Crafting an Artistic Community

Apr 30, 2021

CLArion 2020–2021

Crafting an Artistic Community: An Interview with Fine Arts Academy Director Kathy Neff

If you haven’t heard of the Fine Arts Academy at UMD, it’s an honor to introduce you to a program that has opened its metaphorical arms again and again to the community.

The Fine Arts Academy, established in 2005, grew out of the Music Academy, a community music program administered by UMD’s Department of Music. Now a professional unit within the College of Liberal Arts, the Fine Arts Academy offers high-quality arts instruction to students ranging from children to adults and encompasses all skill levels. Its mission is to deepen the lives of its students and enrich the communities it serves through programs centered in arts education and engagement.

Kathy Neff, the director of the Fine Arts Academy since its inception, was first hired as a teaching specialist for the Music Academy in 1994. A few years later, she joined the Music Department faculty as an adjunct instructor to pursue her passion for teaching.

I recently conversed with Neff about the Fine Arts Academy. 

How has COVID-19 affected the Fine Arts Academy’s work?

With COVID-related safety measures in place, we have created distance-learning programs that still give the feeling of an engaged learning experience while maintaining safe environments for our families and teachers. However, much about learning to do an art form is experiential. You feel the clay in your hands as it spins on a wheel; you hear and respond to an exquisite phrase played by a member of your quintet. When we are not able to collaborate or learn in communal spaces, it can be challenging to fully absorb all that the artistic moment has to offer. It’s not like teachers can reach out and correct a hand position or posture when they can’t see the whole student.

Likewise, without the opportunity to rehearse with their friends and enjoy the joys of concerts, competitions, and tours, some students are experiencing great losses. We had to put our Digital Art Workshop on hold this year, but I am maintaining relationships with our partners at Lincoln Park Middle School in order to continue to work with them when the time is right.

Please tell me more about the Digital Art Workshop. 

In the Digital Art Workshop, the brainchild of Associate Professor Joellyn Rock (Art and Design), Rock teaches a course integrating digital art tools and techniques into pedagogy for the next generation of art teachers. During their course, art education majors mentor and guide middle school youth while designing storyboards, and their themed collages are later turned into animated shorts. Students also have a terrific opportunity to work with Lisa Fitzpatrick and Dan Fitzpatrick in the MADD Lab, putting stories to life with green screen technology, creative tools, and the imaginative synergy of college students working with area youth.

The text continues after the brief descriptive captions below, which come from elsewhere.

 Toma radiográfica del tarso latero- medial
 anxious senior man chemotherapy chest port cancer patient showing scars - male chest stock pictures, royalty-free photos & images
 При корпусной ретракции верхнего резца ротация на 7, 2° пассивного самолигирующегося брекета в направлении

After six weeks of guidance and teamwork, we celebrate with a public showcase in the Tweed Museum of Art. Family, friends, and students come together for a premiere screening of student work, demonstrations of animation techniques, and a celebration of creative accomplishments.

Are there any showcases that stand out in your memory?

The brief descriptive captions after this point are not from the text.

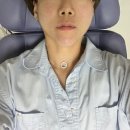 라임 | 울쎄라피프라임 효과 후기
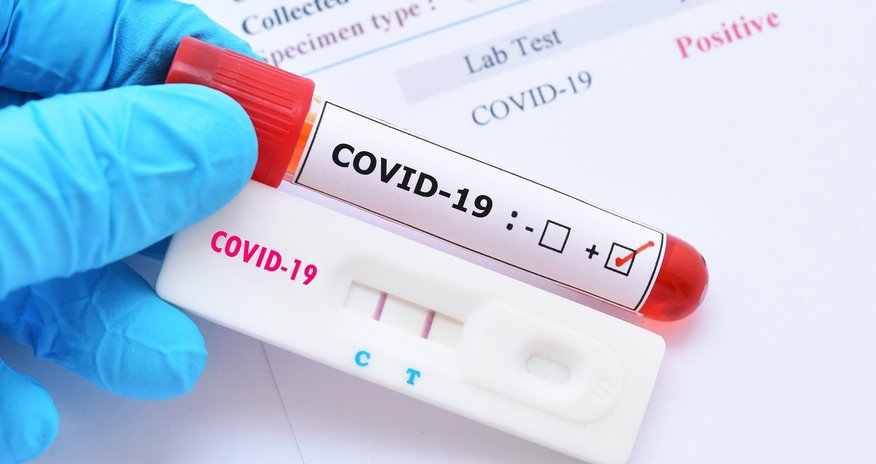 Azərbaycanda son gündə COVID-19-a yoluxanların və peyvənd olunanların sayı açıqlanıb Azərbaycanda son gündə COVID-19-a yoluxanların və peyvənd olunanların sayı açıqlanıb
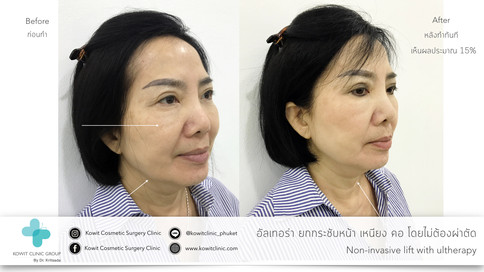 ulthera ภูเก็ต อัลเทอร่า ยกกระชับหน้าไม่ต้องผ่าตัด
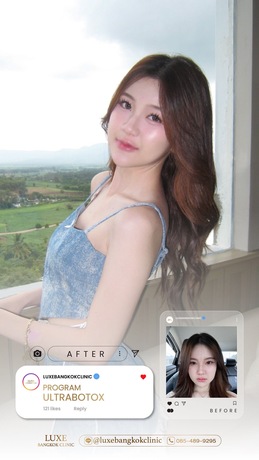 Luxe Bangkok Clinic (BTS Phahonyothin 24) Luxe Bangkok Clinic (BTS Phahonyothin 24) (มีสาขาเดียวเท่านั้น)  image_picker_3FB08D3E-2B1D-499E-8394-210E7105B4B2-94420-00000C5AEF3629C5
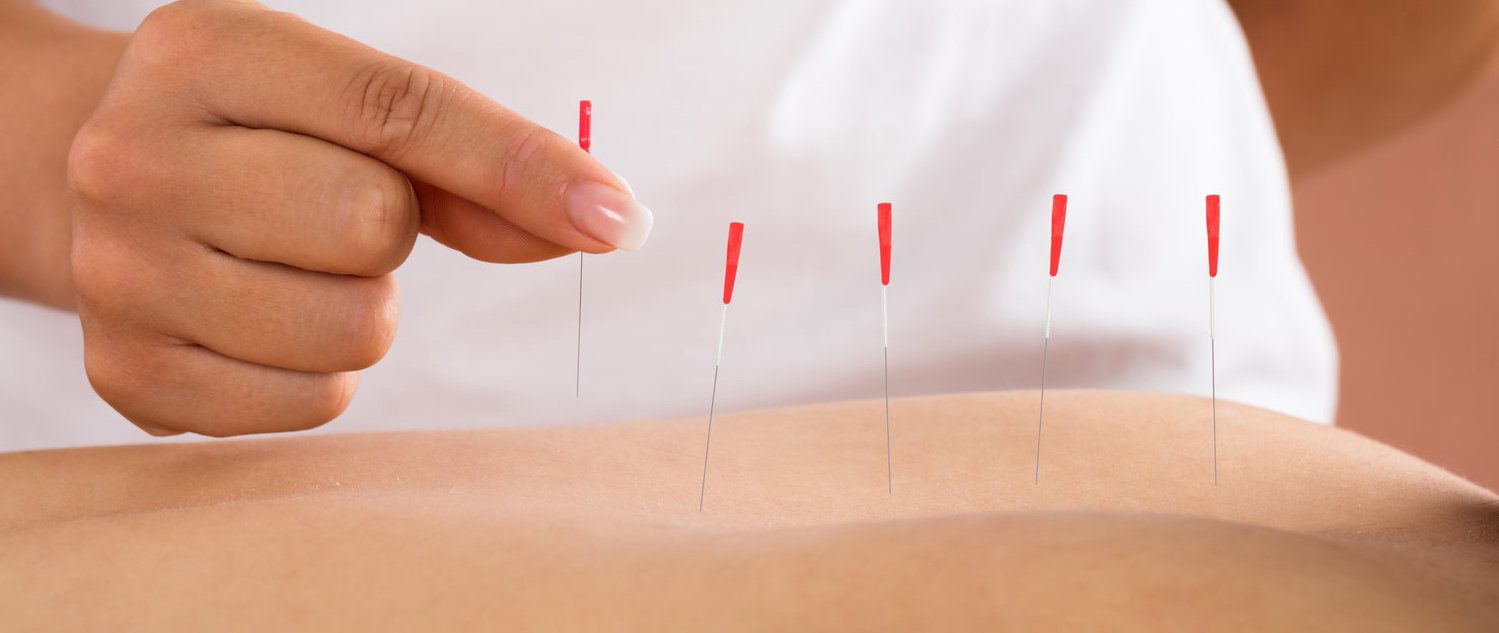 Imagem do serviço: Dry Needling (agulhamento seco)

The 2018 Digital Art Workshop was spectacular in that our showcase ended up on the same night as a Tweed exhibition opening. We held our celebration, demos, and showcase in classrooms but came down to the Tweed to see an out of this world exhibition of contemporary Native American artists. The kids were in awe of Jonathan Thunder’s room size animation, as well as the Intersection exhibition featuring close to twenty additional Native American artists.

What was so special about attending that opening with the kids is that the Museum was packed full of people, many of them Native Americans. A few of the workshop kids were also Native American, and we were all there to celebrate the work of these incredible artists.

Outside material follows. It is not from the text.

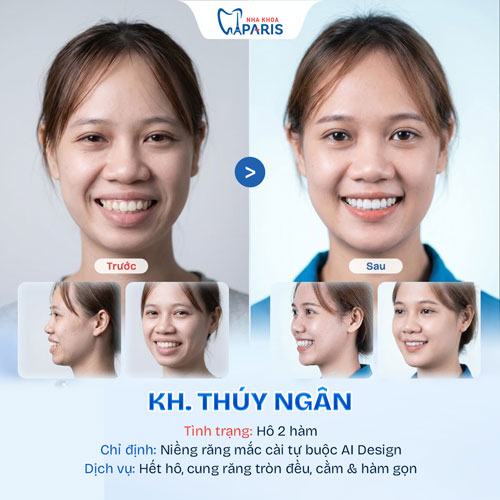 Case niềng răng người trưởng thành 2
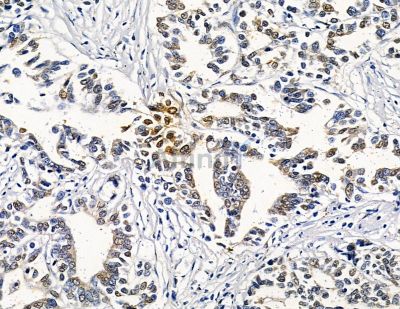 MAF1 Antibody - DF9079 at 1/100 staining human gastric cancer by IHC-P.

The Academy has had a longstanding partnership with Lincoln Park Middle School through the Community School Collaborative, so to see the kids at UMD with their parents, as well as their school art teacher, Chrissy Valento who is a UMD alumna, after they celebrated their own exhibition of work was something I'll never forget. It was an evening of joy, artistry, family connections, and pride; it really encapsulated the essence of community.